Ingestion and analysis pipelines
The receivers and analyzers turning raw telemetry into metrics.
-
Trace Analysis / min — traces analyzed per minute, total vs errors (
meter_oap_instance_trace_count,meter_oap_instance_trace_analysis_error_count). -
Trace Analysis Latency (ms) — p50 / p75 / p90 / p95 / p99 latency of trace analysis (
meter_oap_instance_trace_latency_percentile). -
Mesh Analysis / min — service-mesh telemetry analyzed per minute, total vs errors (
meter_oap_instance_mesh_count,meter_oap_instance_mesh_analysis_error_count). -
Mesh Analysis Latency (ms) — p50 / p75 / p90 / p95 / p99 latency of mesh analysis (
meter_oap_instance_mesh_latency_percentile). -
OTEL Received / s — OpenTelemetry records received per second, broken out as metrics, logs, and spans (
meter_oap_otel_metrics_received,meter_oap_otel_logs_received,meter_oap_otel_spans_received). -
K8S ALS — Kubernetes Access Log Service throughput: count, dropped, streams, and err streams (
meter_oap_instance_k8s_als_count,meter_oap_instance_k8s_als_drop,meter_oap_instance_k8s_als_streams,meter_oap_instance_k8s_als_error_streams). -
Watermark Circuit Breaker — cumulative break and recover counters per listener; when OAP sheds load under memory pressure, breaks climb (
meter_oap_instance_watermark_circuit_breaker_break_count,meter_oap_instance_watermark_circuit_breaker_recover_count). -
Zipkin Spans Dropped — Zipkin spans dropped by this node, for deployments running the Zipkin receiver (
meter_oap_instance_spans_dropped_count).
Storage backend
Write latency against whichever storage backend this OAP is configured with.

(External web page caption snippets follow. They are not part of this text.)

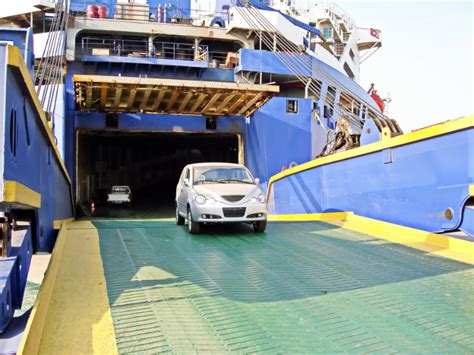 overseas car shipping companies cost.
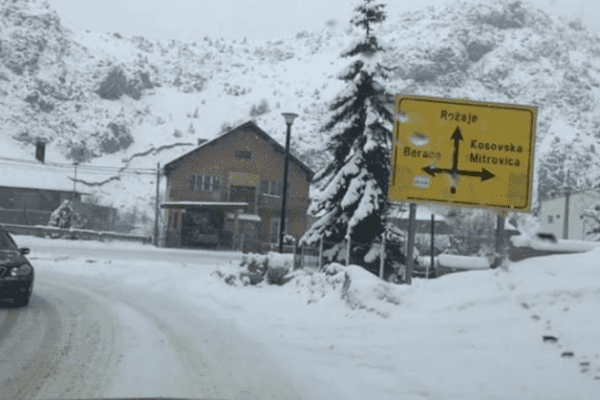 Hapet rruga Pejë–Kullë për vetura, por kamionët mbeten të bllokuar nga bora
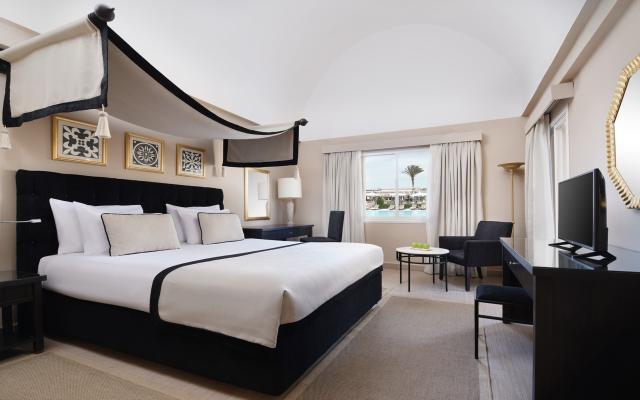 Junior Suite Sea Side View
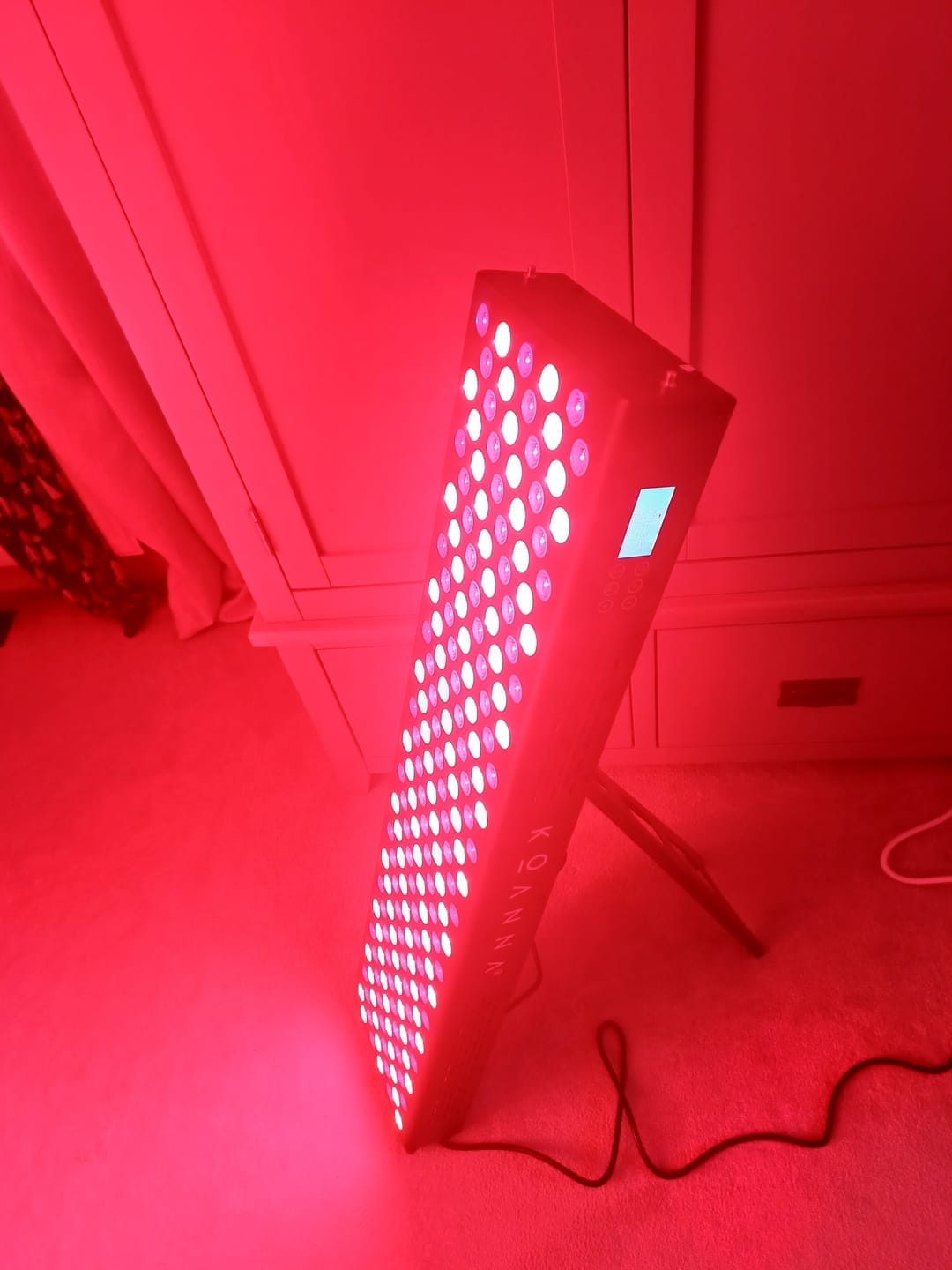 Customer photo review of Koanna® Luma1000™ – Powerful, Mid-Size Red Light Therapy Panel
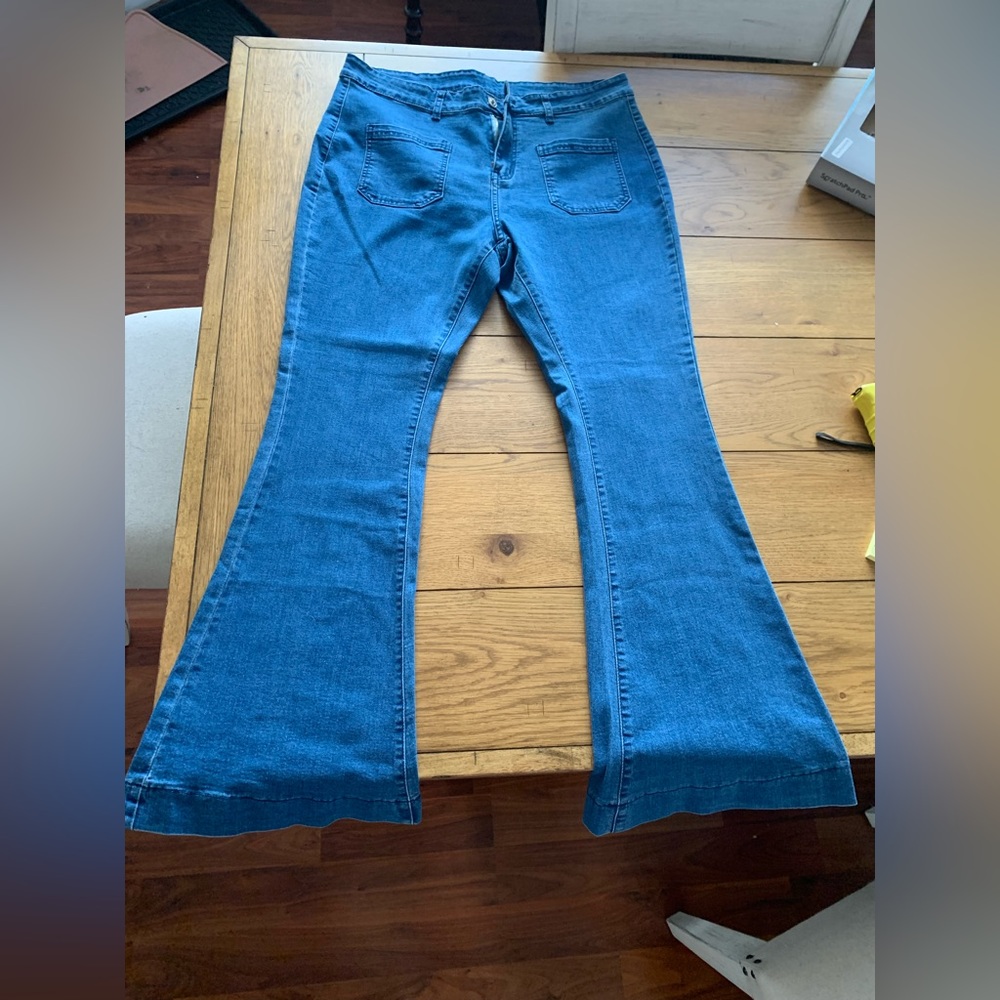 Never Worn XL Stretchy Flare Jeans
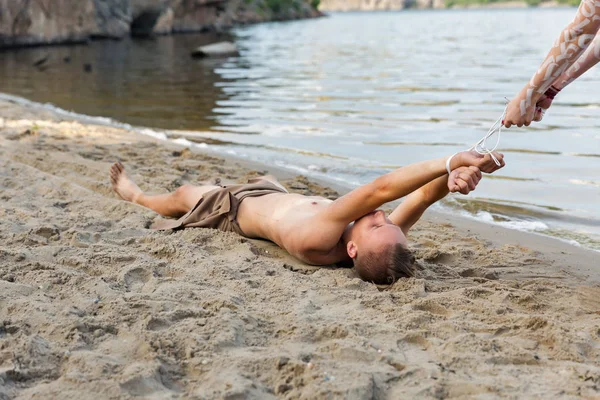 Young white man in loincloth is bound by the river — Stock Photo, Image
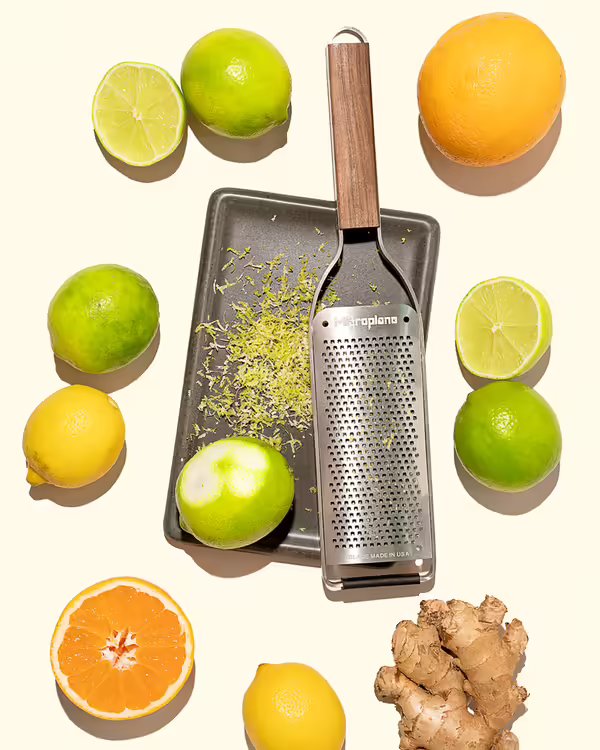 Microplane Master Series Fine Blade Cheese Grater With Wood Handle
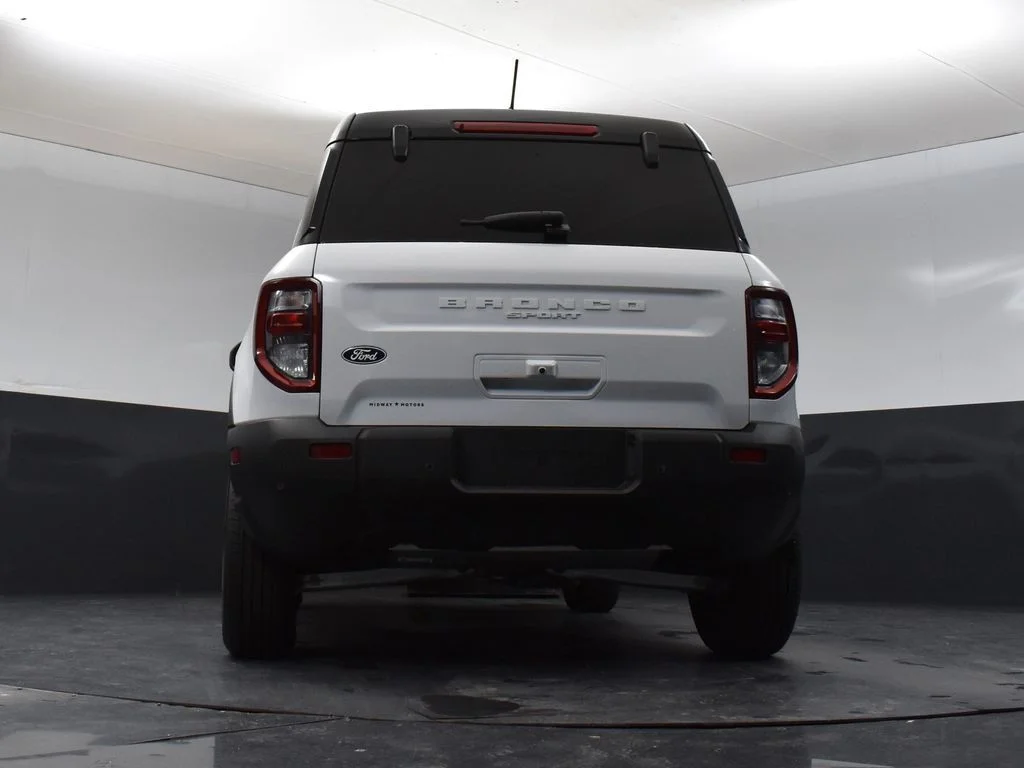 New 2026 Oxford White Ford Outer Banks® image 31
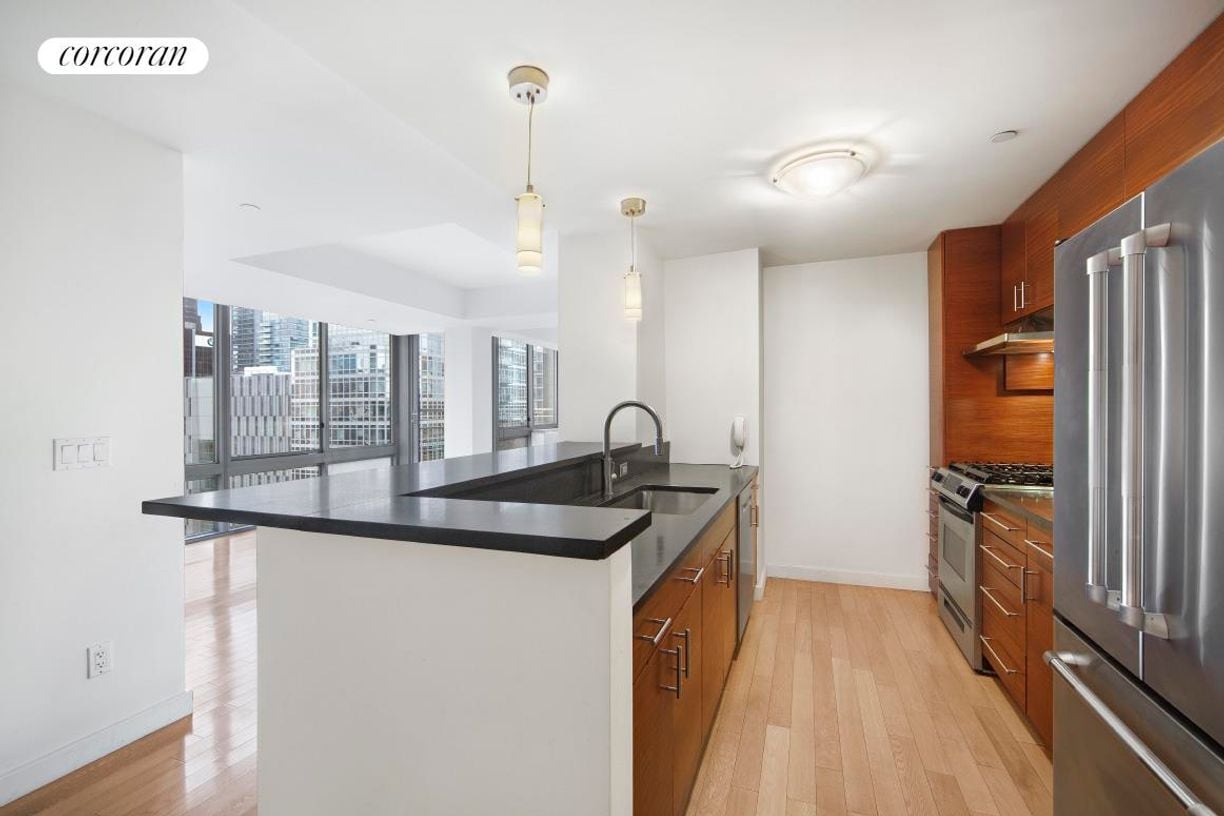 Building Photo - 225 W 60th St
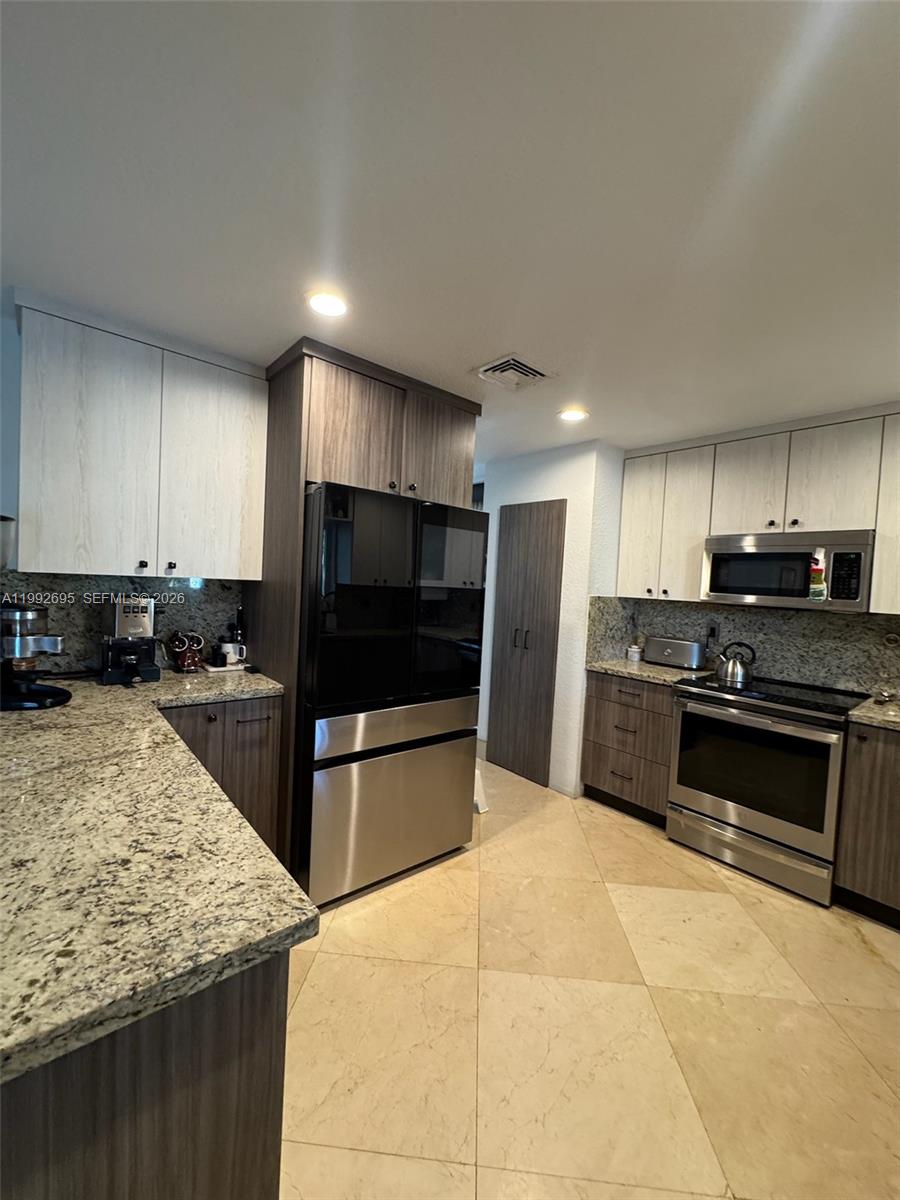 10973 NW 53rd Ln Doral, FL 33178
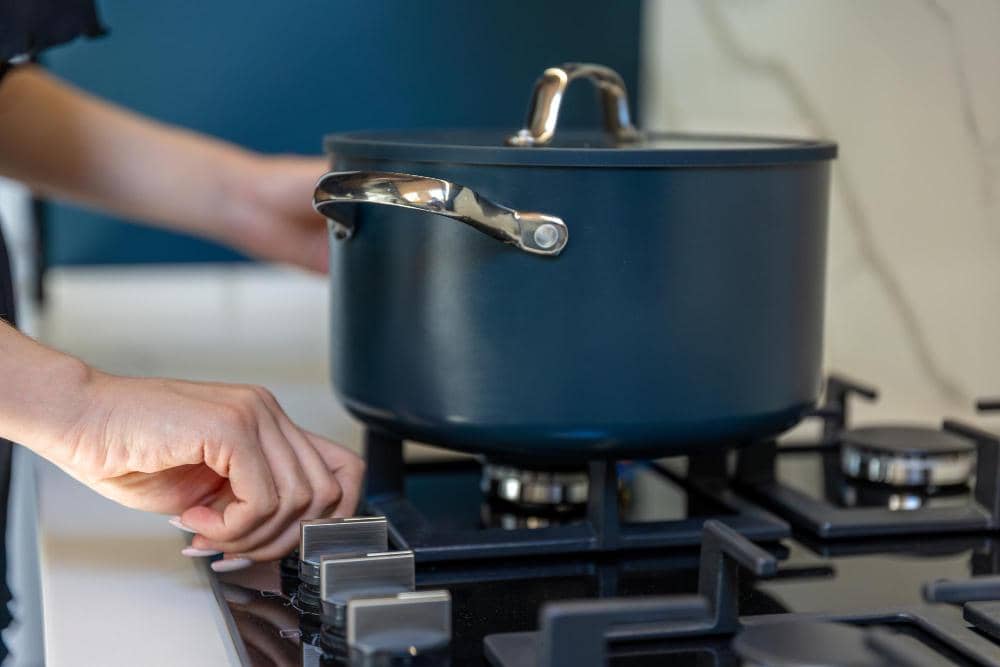 ilustrasi merebus tulang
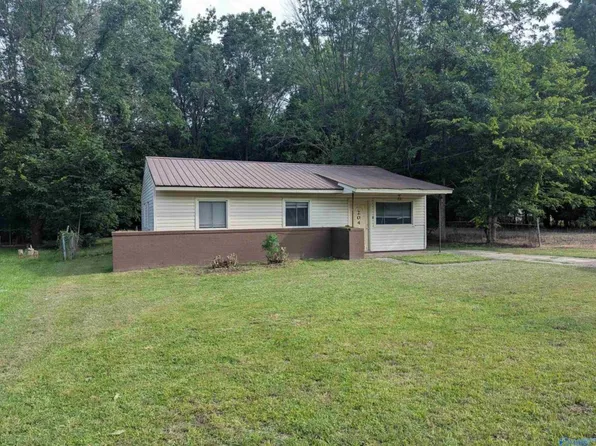 204 Carolyn Ln, Gadsden, AL 35901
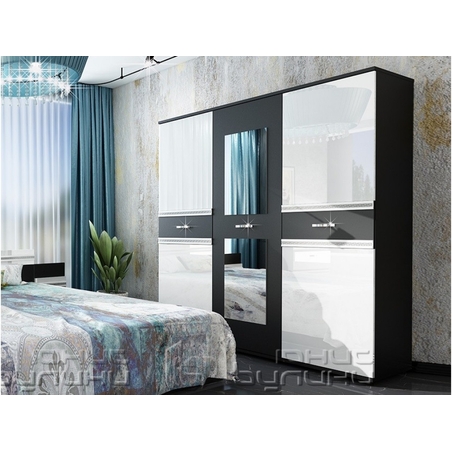 Гардероб Рока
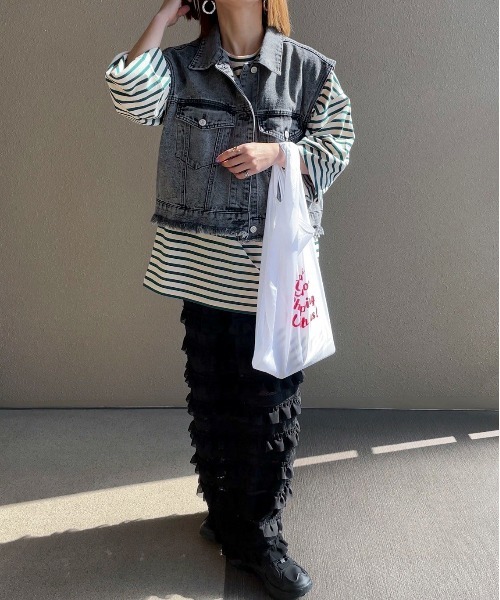 feepur by saya（フェピュールバイサヤ）の「フリンジデニムベスト（ベスト・レディース・ブラック/グレー/カーキ/ブルー/ネイビー・MEDIUM）」の22枚目の写真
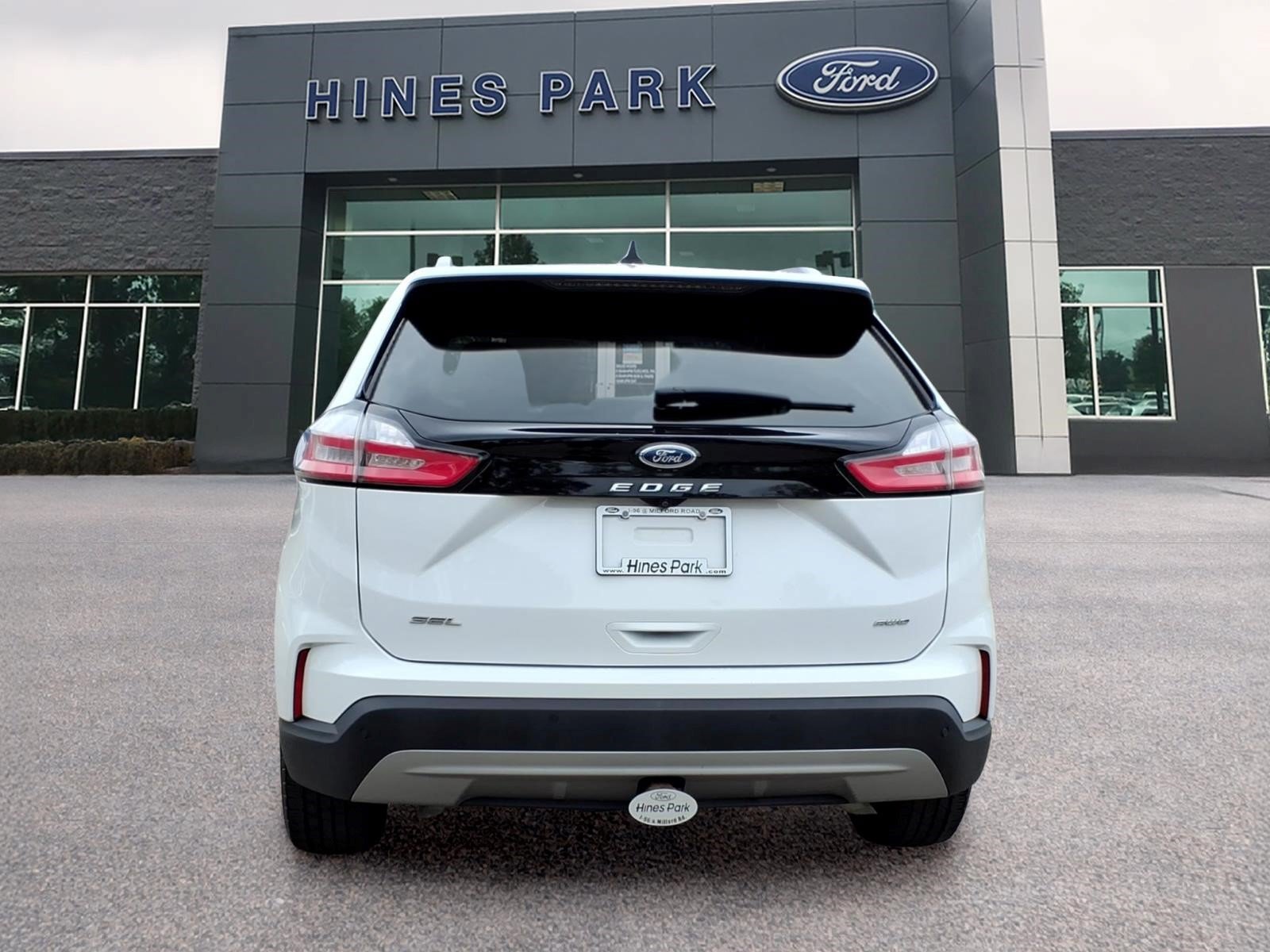 Used 2021 Ford Edge SEL w/ Convenience Package AWD/4WD image 6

These two widgets are storage-specific and only render when the matching backend is in use — a BanyanDB deployment shows the BanyanDB widget, an Elasticsearch deployment shows the Elasticsearch widget.
-
BanyanDB Write Latency (ms) — write latency by catalog and operation: measure bulk, stream bulk, trace bulk, stream single, and property (
meter_oap_banyandb_write_latency_percentile). Shown only when BanyanDB write metrics are present. -
Elasticsearch Write Latency (ms) — write latency split into single (single write / update / delete) and bulk (
meter_oap_elasticsearch_write_latency_percentile). Shown only when Elasticsearch write metrics are present.
Requirements
The SO11Y_OAP dashboard is a pure consumer of what OAP reports about itself — it invents no data, and a widget with no backing data simply reads no data. To populate it, OAP needs its self-observability telemetry enabled, which produces the meter_oap_* meter family:
-
JVM and process metrics —
meter_oap_instance_cpu_percentage,meter_oap_instance_jvm_*, and themeter_oap_jvm_thread_*/meter_oap_jvm_class_*families behind the JVM-health widgets. -
Pipeline and persistence metrics —
meter_oap_instance_metrics_aggregation,meter_oap_instance_persistence_*,meter_oap_instance_metrics_persistent_cache, andmeter_oap_instance_metrics_aggregation_queue_used_per_ten_thousandfor the aggregation / persistence widgets. -
Query metrics —
meter_oap_graphql_query_latency_percentileandmeter_oap_instance_graphql_query_count/_error_countfor the GraphQL surface. -
Ingestion metrics — the trace, mesh, OTEL, K8s ALS, watermark, and Zipkin families (
meter_oap_instance_trace_*,meter_oap_instance_mesh_*,meter_oap_otel_*,meter_oap_instance_k8s_als_*,meter_oap_instance_watermark_circuit_breaker_*,meter_oap_instance_spans_dropped_count). A pipeline that isn’t running on a given node simply reports nothing, and its widget readsno data. -
Storage metrics —
meter_oap_banyandb_write_latency_percentileormeter_oap_elasticsearch_write_latency_percentile, depending on the configured storage backend; only the matching widget renders.
Each metric is queried at the OAP-node (instance) scope; OAP does not roll a metric up across scopes, so the dashboard is empty until self-observability telemetry is reported by the OAP nodes themselves. See the OAP backend setup docs for enabling the self-observability telemetry source.